“From what I hear, working conditions at Amazon locations can be atrocious.”
yep. warehouse picker jobs are brutal, particularly for amazon. the workers are nothing more than part of a machine, wearing headsets where computer synthesized voices from the machine order them from one bin to another for eight hours a day ... add quotas to that, and the workers have to run all day ... these jobs are far worse than working on an auto assembly line ...
oh woopdy do. I ran a sheet metal shear full time for a few years and worked for a hard ass Honduran guy that no one else could get along with. I’ve worked in the sign business where I had to climb 50 foot in the air on a ladder truck, climb inside a 130 degree sign in the Florida summer and spend a couple of hours in there. When I didn’t like a job, I quit and found something better.
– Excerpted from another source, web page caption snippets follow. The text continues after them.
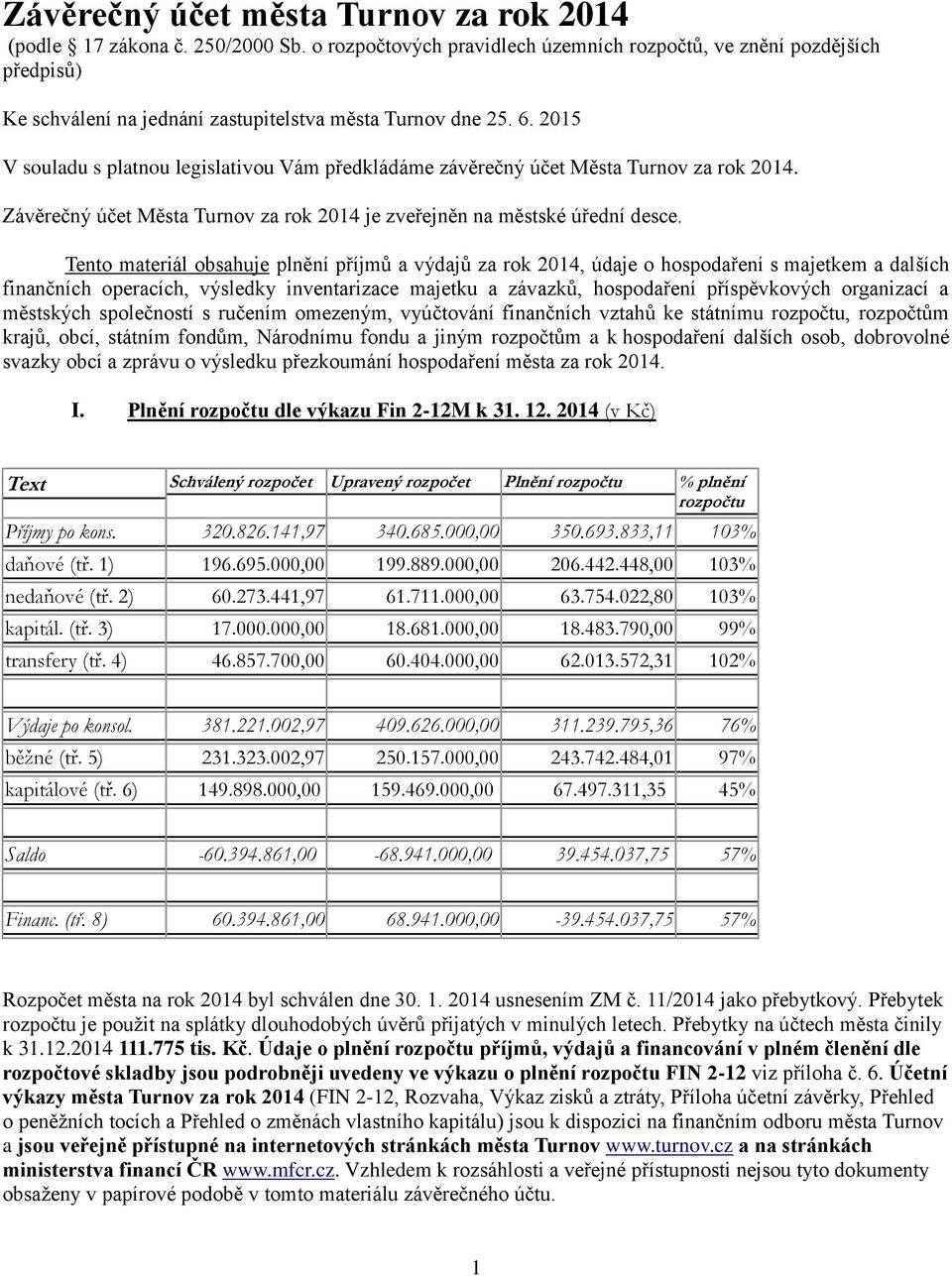 2015 V souladu s platnou legislativou Vám předkládáme závěrečný účet Města Turnov za rok 2014. Závěrečný účet Města Turnov za rok 2014 je zveřejněn na městské úřední desce.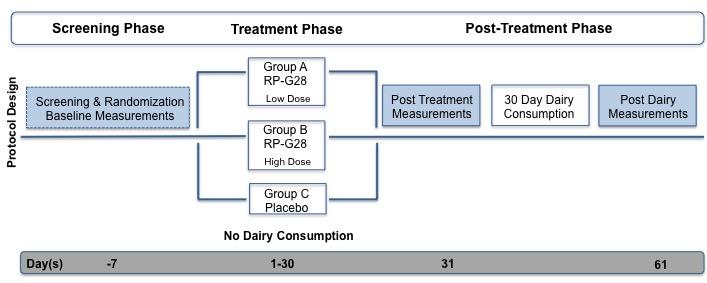 n=377 enrolled 30-day course treatment, 30-day post-treatment dairy inclusion evaluation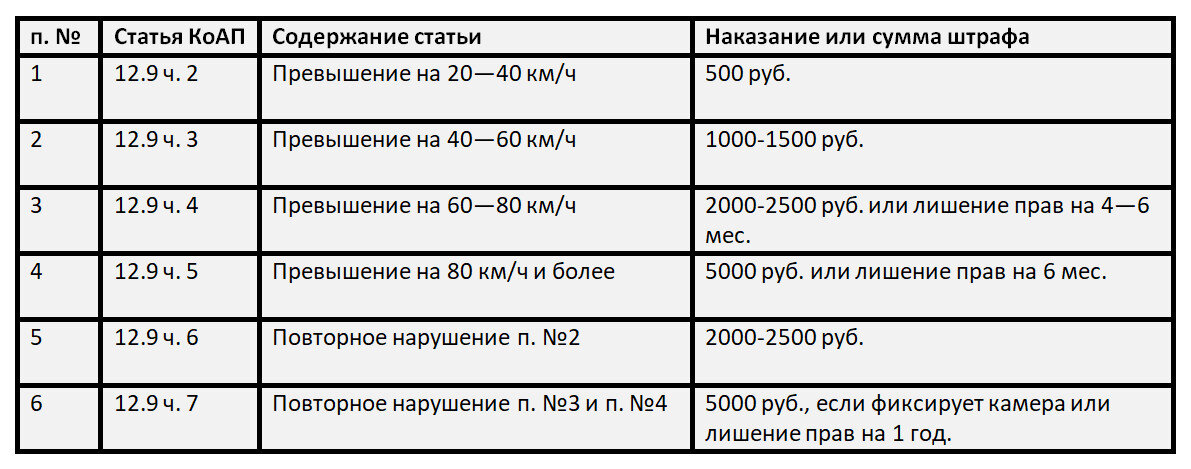 Таблица штрафов за превышение скорости на 2021 год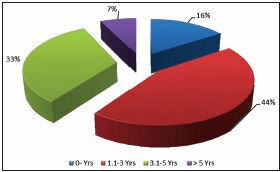 Graph 4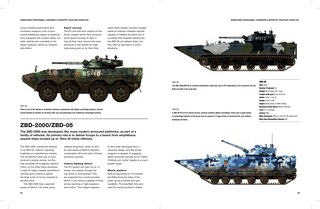 Sample content 2_Chinese Tanks & AFVs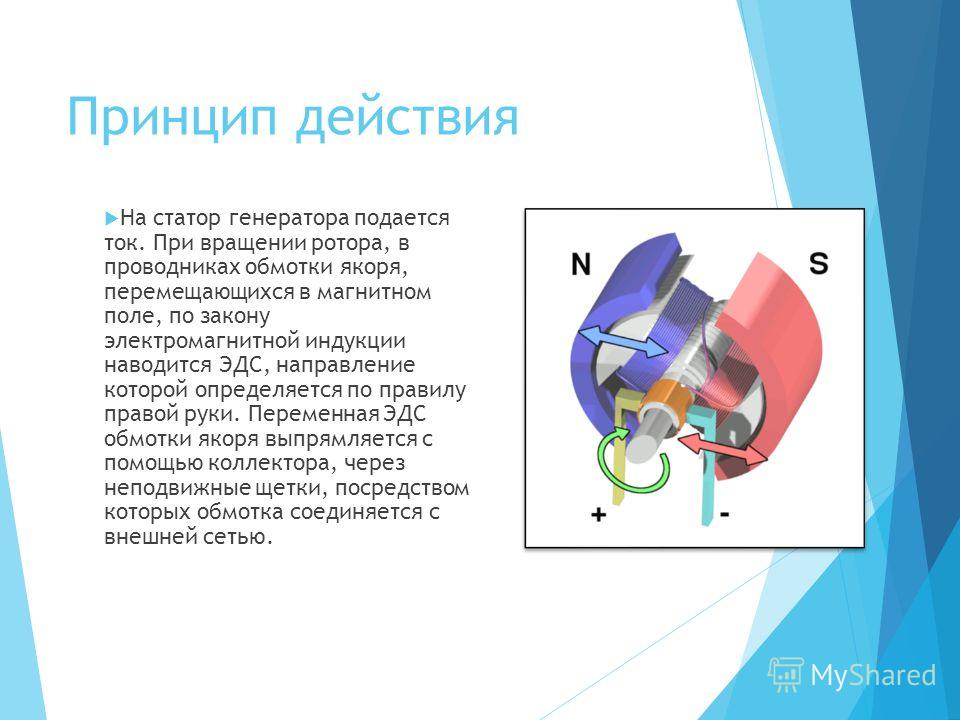 Принцип действия генератора. Устройство и принцип действия генератора постоянного тока (ГПТ).. Якорь генератора постоянного тока вращается чем. Магнитное поле ротора генератора.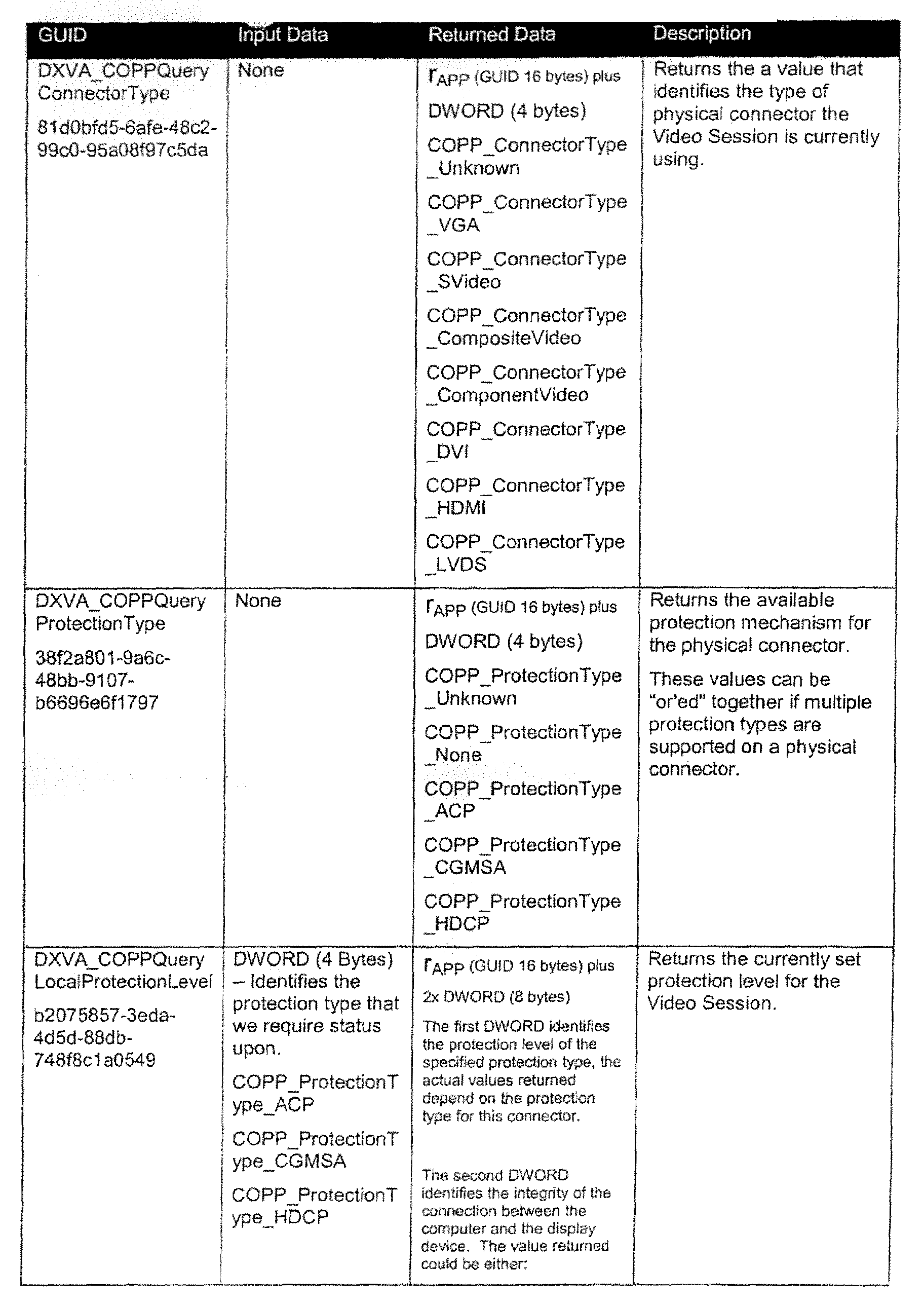 Figure 00310001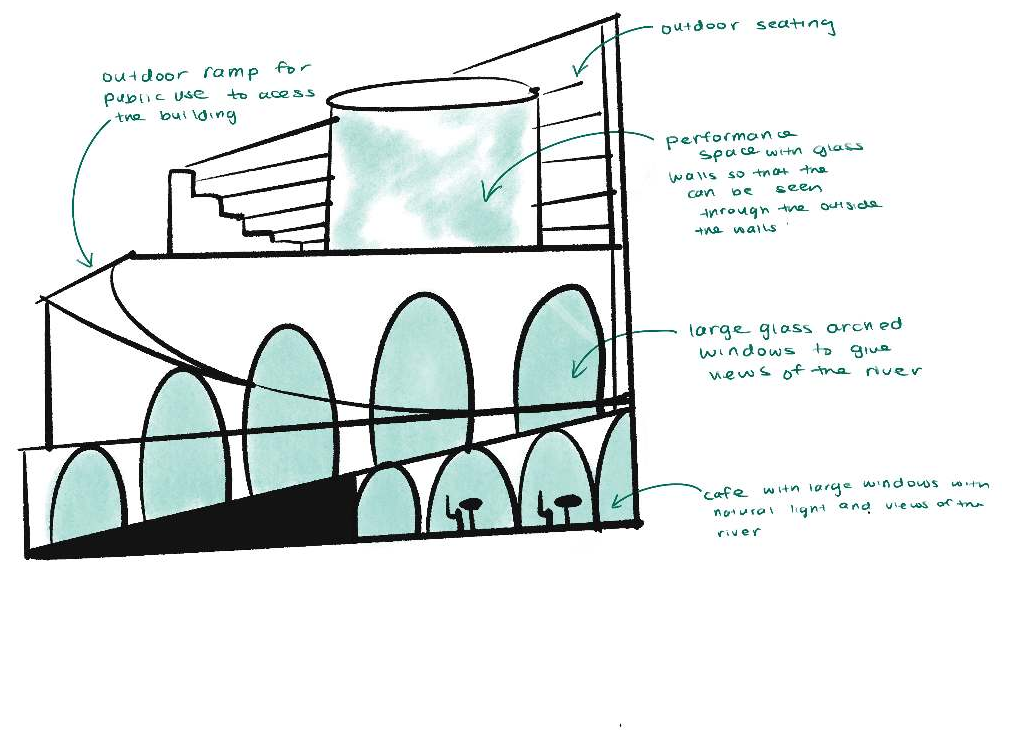 Annotated initial elevation sketch with arched glazing, outdoor seating and performance space.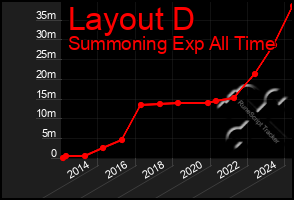 Total Graph of Layout D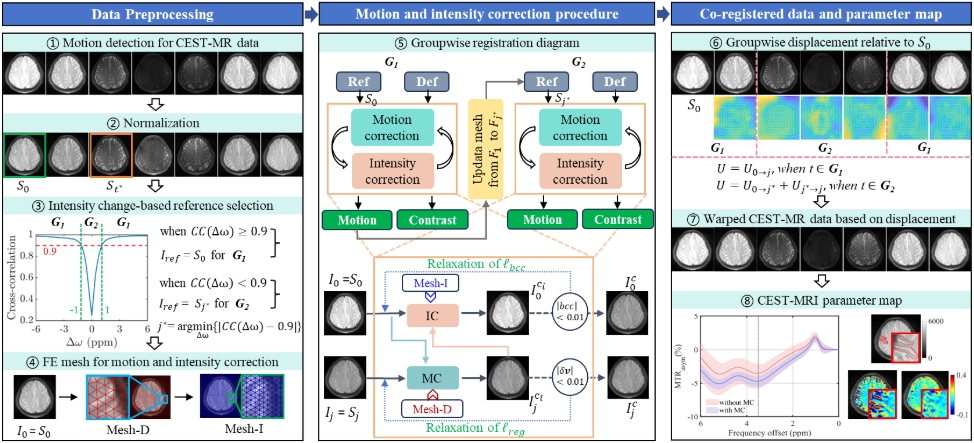beat365在线体育app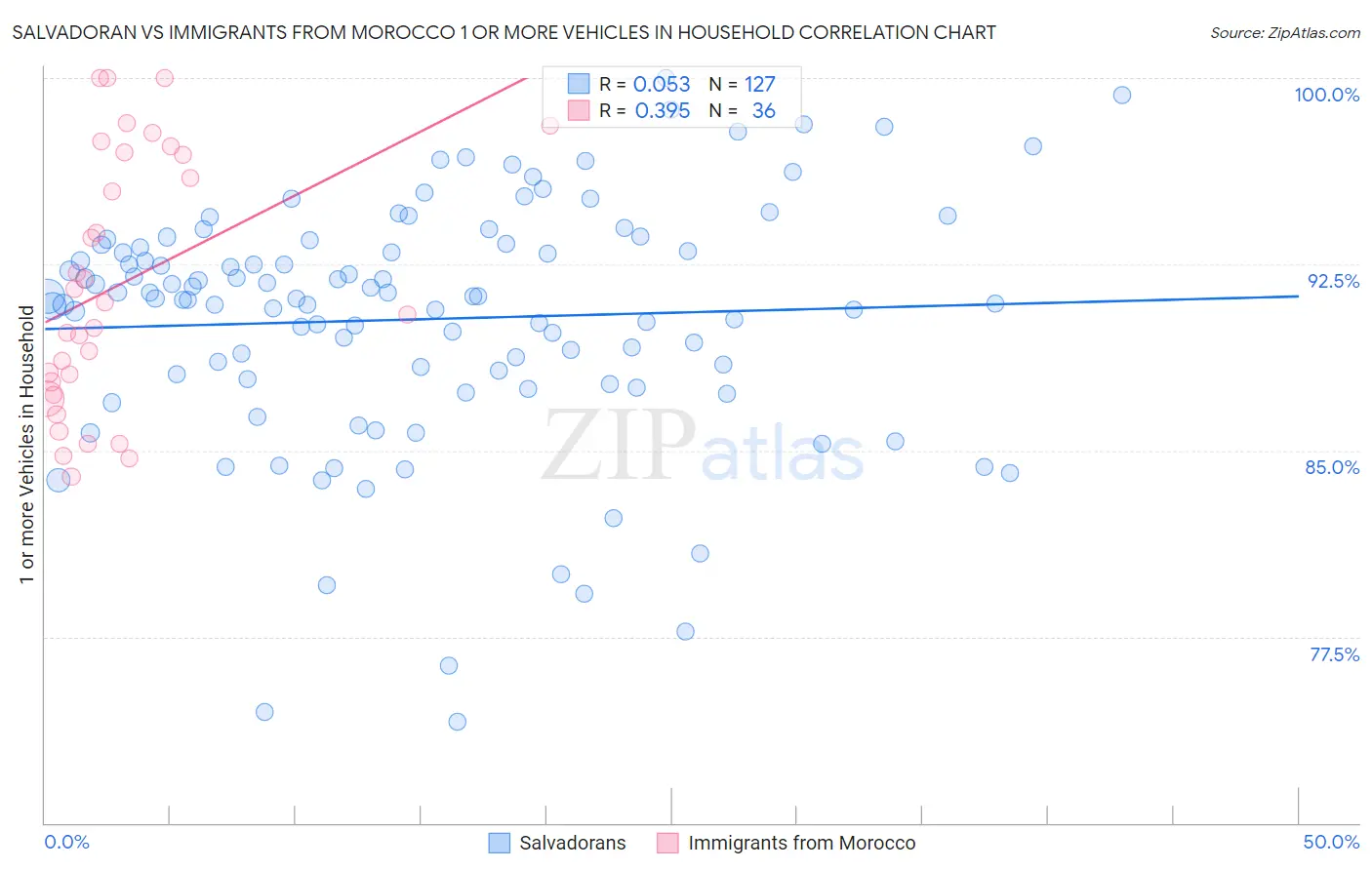 Salvadoran vs Immigrants from Morocco 1 or more Vehicles in Household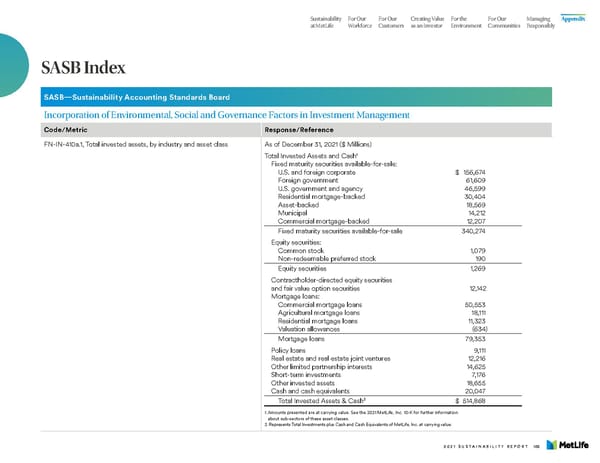 MetLife Sustainability Report - Page 110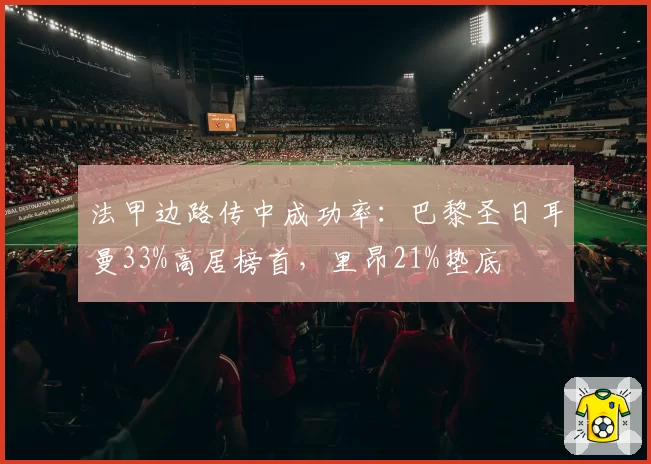 法甲边路传中成功率:巴黎圣日耳曼33%高居榜首,里昂21%垫底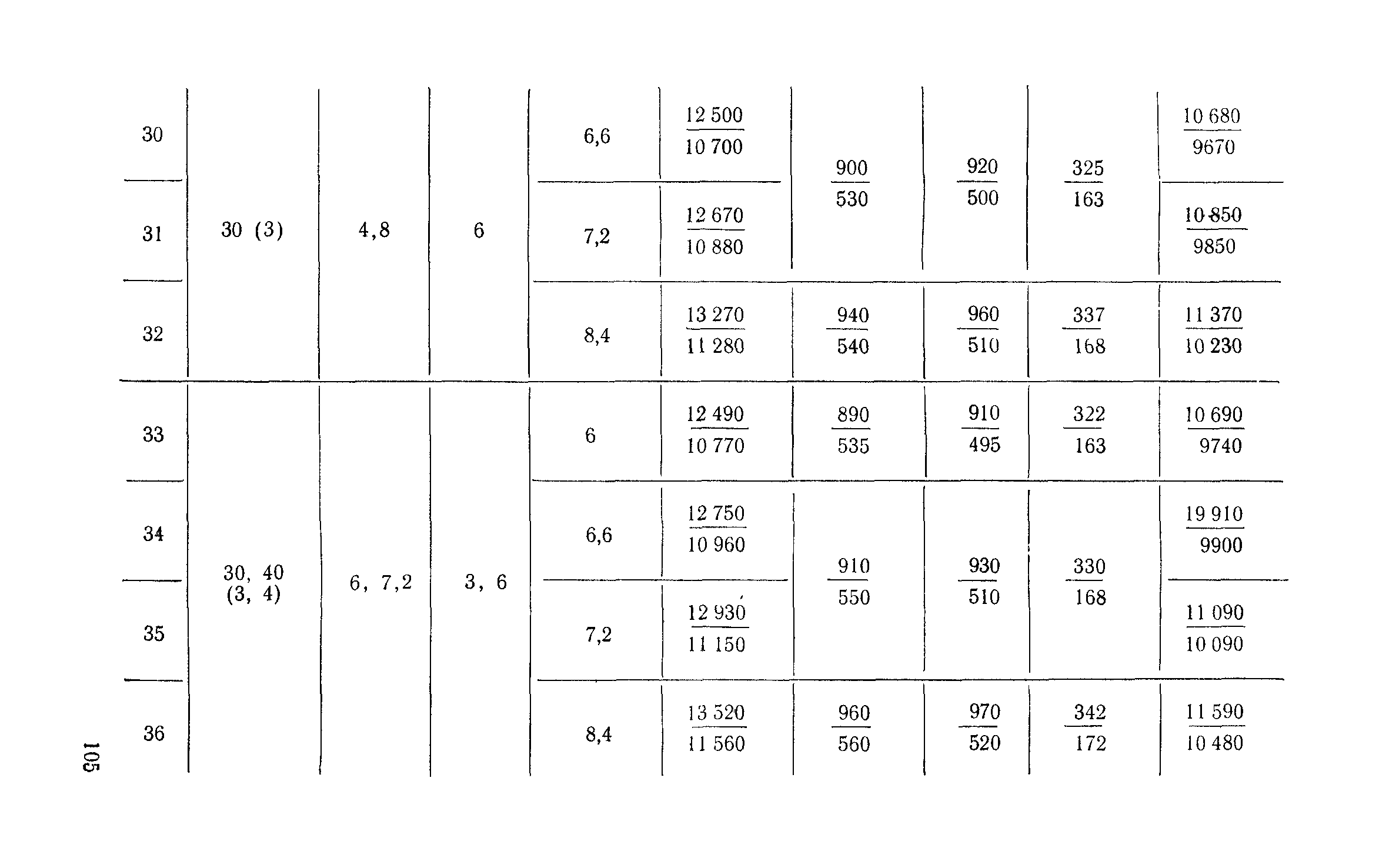 Сборник 6-1.1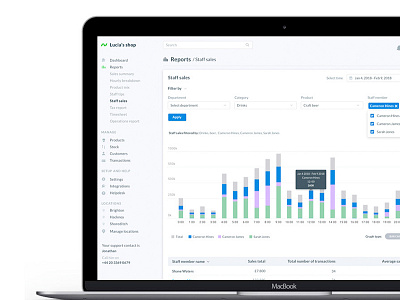 Report design dashboard data desig report ux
I’ve been a picker/packer too which is what these warehouse workers are called and also worked a fast paced assembly line as a temp worker where everyone else was getting paid piece work.
With unemployment as low as it is, quit and find something else. Maybe something where you can actually learn something and work your way up to a better job. I learned to convert decimal inches to fractions on that shear job, right down to thousands of an inch. To this day, I still know the decimal equivalent of every 16th of an inch and can figure out 32nds from there. That helped me in the sign business where I eventually became one of the best electric sign fabricators in Ctrl FL. Made signs that went to Disney and Universal Studios. Made $40k in one of my last years, 12 years ago. Went self employed making electric signs wholesale to the trade after that.
Never ever thought about standing in front of a company with a protest sign, whining about conditions. Don’t like the job, they know where the door is.